Pakistan also played critical diplomatic role during Iran-Iraq war. Pakistan tried to negotiate a deal between the two countries that could end the war. Pakistan provided moral support for Iran in many instances during the war which irked Iraq and Arab countries. Pakistan also made hectic efforts in convincing Saudi Arabia and other Arab countries to normalize their relations with Iran. During the war, Pakistan neutral stance served Pakistan’s interests of maintaining cordial relations with Arab world and also avoiding religious clash with Iran as there is sizable Shia population in Pakistan and Iran could have played Shia card in order destabilize Pakistan. [8]

The other factor discussed earlier which changed the dynamics of Iran-Pakistan relationship was the Soviet invasion of Afghanistan and the subsequent US backed jihad. The Americans saw Soviet aggression as a strategy to increase Soviet influence in Persian Gulf and Indian Ocean. The Soviet invasion brought a concurrence of interest between Pakistan and US. Pakistan with its proximity to Afghanistan was naturally chosen by the US to initiate a jihad against the Soviets in Afghanistan which brought the two countries into an alliance once again after the hiatus that emerged during Bhutto years. Pakistan’s strategic position also increased in US calculations as it lost Iran as a dependable ally in the region. From the perspective of Pakistan closer ties with US meant more US military aid and a golden opportunity for General Zia-ul-Haq in legitimizing his military dictatorship and improving his world image as a savior against the Soviet aggression.

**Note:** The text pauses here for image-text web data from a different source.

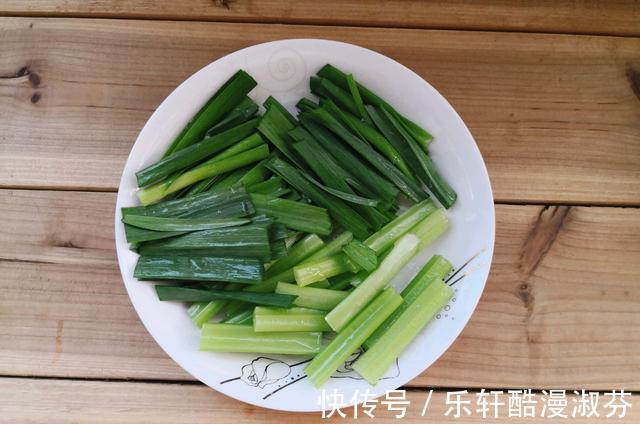 水煮肉片|水煮肉片的家常做法,做好之后肉片滑嫩,下饭又解馋
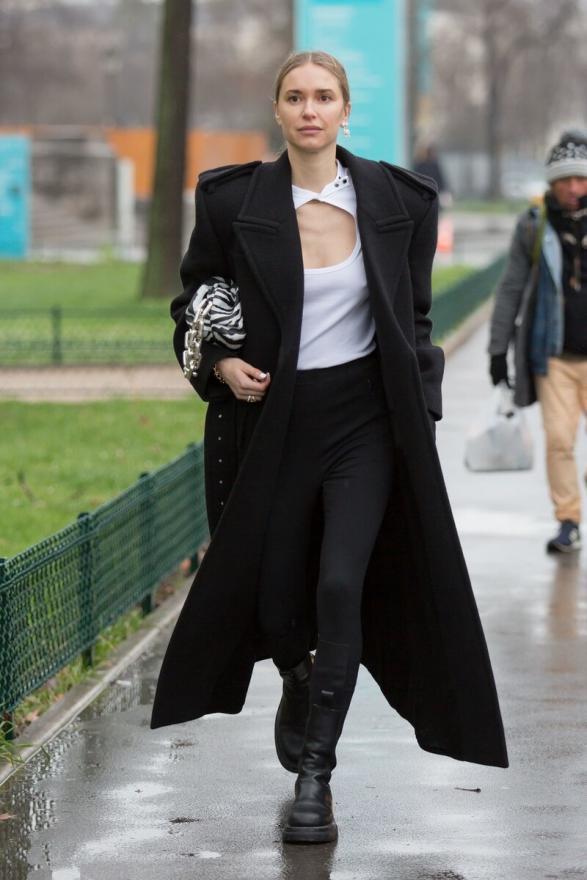 阔腿裤已过时,时髦女人都在用这条裤子搭外套,穿出满满活力感 阔腿裤已过时,时髦女人都在用这条裤子搭外套,穿出满满活力感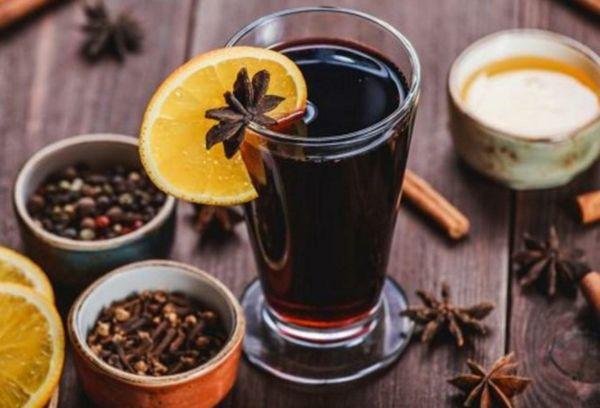 Mulled wine with cinnamon and allspice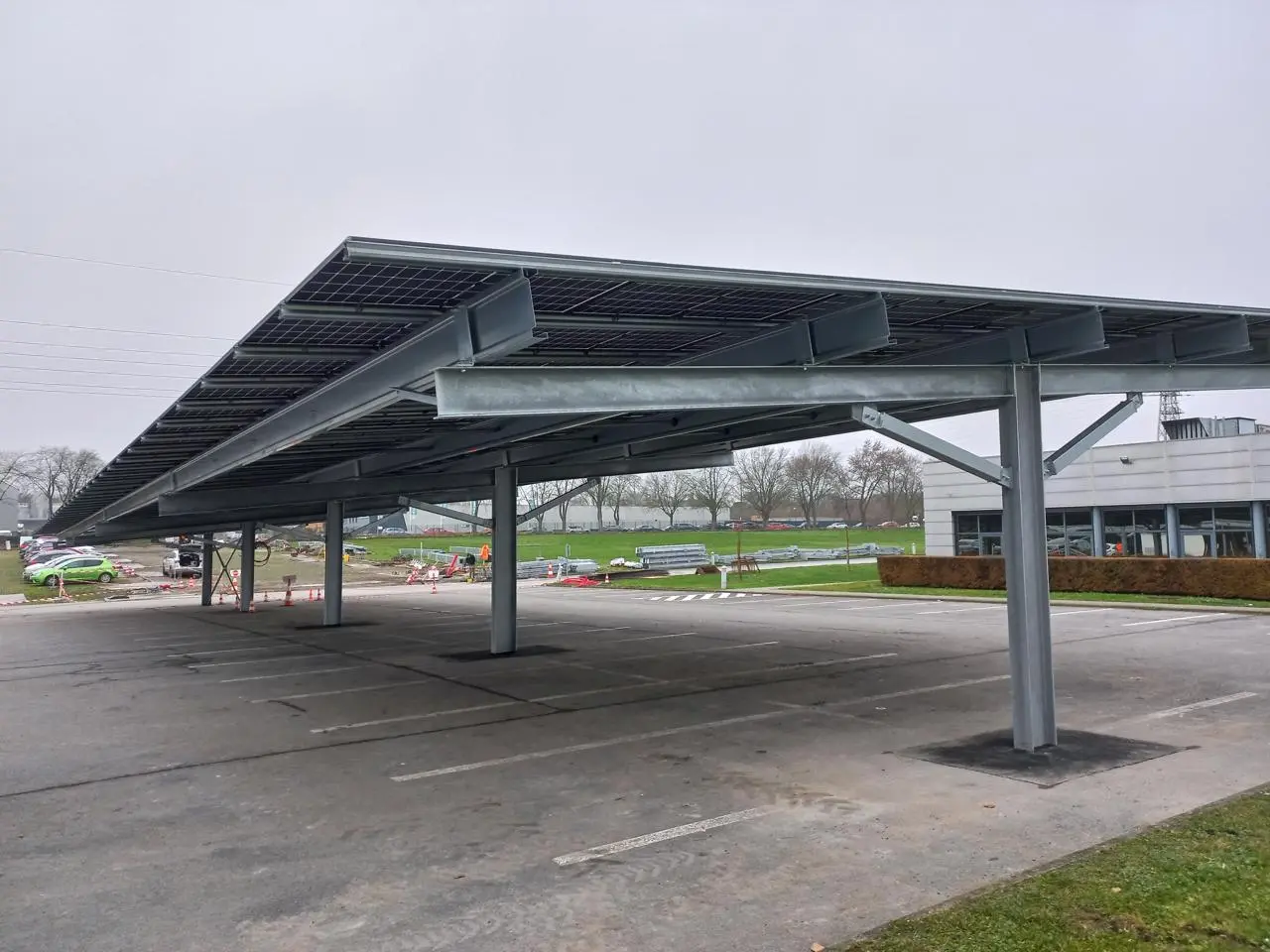 Greenbuddies complete a 1 MWp carport for Adiwatt in Belgium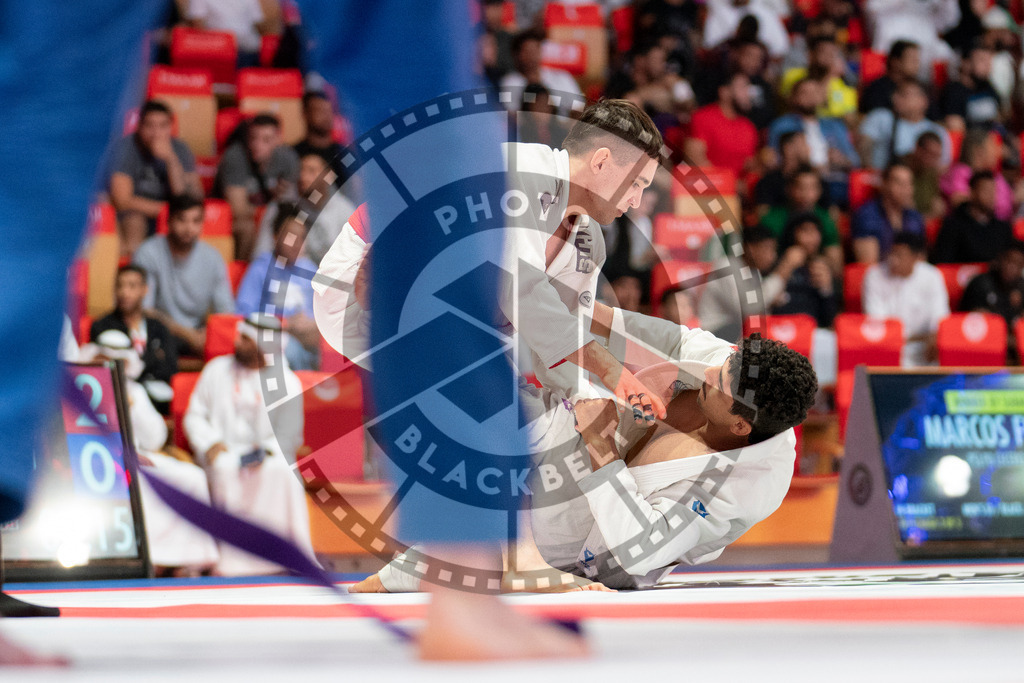 20231109PBB5442 | Fighters compete during the AJP World Professional Championship in the Mubadala Arena in Abu Dhabi, Arab United Emirates, on November 9, 2023.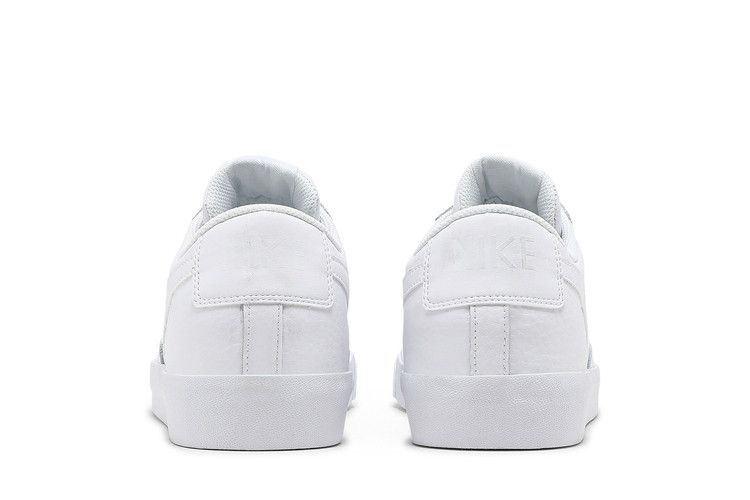 Кроссовки Nike Blazer Low LE 'Triple White'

The Soviet intervention in Afghanistan was a concern for Iran but it was grappling with other issues. As it was facing transformation from a revolution and its resources were concentrated against the Iraqi forces. So it could provide little material support for the Mujahedeen in Afghanistan. But relations between Iran-Pakistan deteriorated when they supported opposing governments after the Soviet withdrawal. The conflict between two countries was stemmed on the sectarian grounds, as Pakistan wanted a subservient Sunni-Pashtun government in Afghanistan but Iran was in favor of the Shias. This development led to the civil war between different factions of Mujahedeen to gain power in Afghanistan in 1992-94. Afghanistan’s security represents an important catalyst in the regional security paradigm, affecting overall security of the region, and sometimes even beyond. In this context, both countries need to comprehend that the intricate multiethnic fabric of Afghan society which consists of motley of ethnic groups including, but not limited to, Pashtuns, Tajiks, Uzbeks etc and taking sides in this conflict would eventually destabilize Afghanistan. The peace in Afghanistan is important as it connects oil rich Central Asian states which are landlocked; to seek a passage for goods or pipeline from these landlocked states, Afghanistan will act as an intermediary transit route so a peaceful Afghanistan is in interest for both Pakistan and Iran.

The relation between Iran and Pakistan became better under the leadership of a moderate Akbar Hashemi Rafsanjani who became the Iranian President in 1989 and remained in the power till 1997. Rafsanjani emphasized on bilateral relations between two countries based on economic cooperation after the war with Iraq drained all the Iran’s resources. The RCD which was renamed ECO in 1985 welcomed the newly independent Central Asian states in 1992, which opened new opportunities for Iran and Pakistan to deepen their economic ties and work together in achieving regional peace and prosperity.


Economic and business interests are becoming important aspects of the foreign policy of any country in the recent times. Today, a country doesn’t abandon trade relations with other country on the basis of political tension as world is becoming more and more interdependent. Iran and Pakistan despite being close neighbors have failed to reap the benefits of economic potential possessed by each country. But with the initiation of India, Pakistan and Iran (IPI) pipeline the economic ties are being cemented. Currently Pakistan is facing severe energy crisis and Iran with its vast oil and gas reserves can assist Pakistan in overcoming these crisis. Pakistan’s interests in Iranian gas are due to the increasing gap between the domestic demand and supply. According to the Oil and Gas Development Corporation (OGDC) Pakistan’s shortfall in 2010 would be 0.2 billion cubic feet per day (bcfd) which will increase to 1.4 bcfd by 2015 and 2.7 bcfd by 2020. The current load shedding of gas to industry is a result of these shortages. [9]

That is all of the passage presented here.